== Required work ==
The whole listing needs to be written out exactly, except for any images.

== Data provided ==

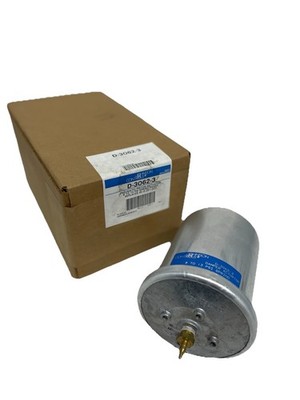 Johnson Controls D3062-3 Pneumatic Damper Actuator 8-13 PSI Spring D-251-202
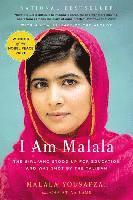 I Am Malala 1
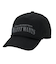 ROXY(ロキシー)ウィメンズ キャップ ROOM SERVISE CAP RCP254615T/レディース ムラサキスポーツ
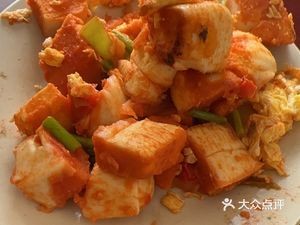 Ying Bin Restaurant (An Ji Avenue Branch)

== Answer space ==
 Johnson Controls D3062-3 Pneumatic Damper Actuator 8-13 PSI Spring D-251-202
 I Am Malala 1
 ROXY(ロキシー)ウィメンズ キャップ ROOM SERVISE CAP RCP254615T/レディース ムラサキスポーツ
 Ying Bin Restaurant (An Ji Avenue Branch)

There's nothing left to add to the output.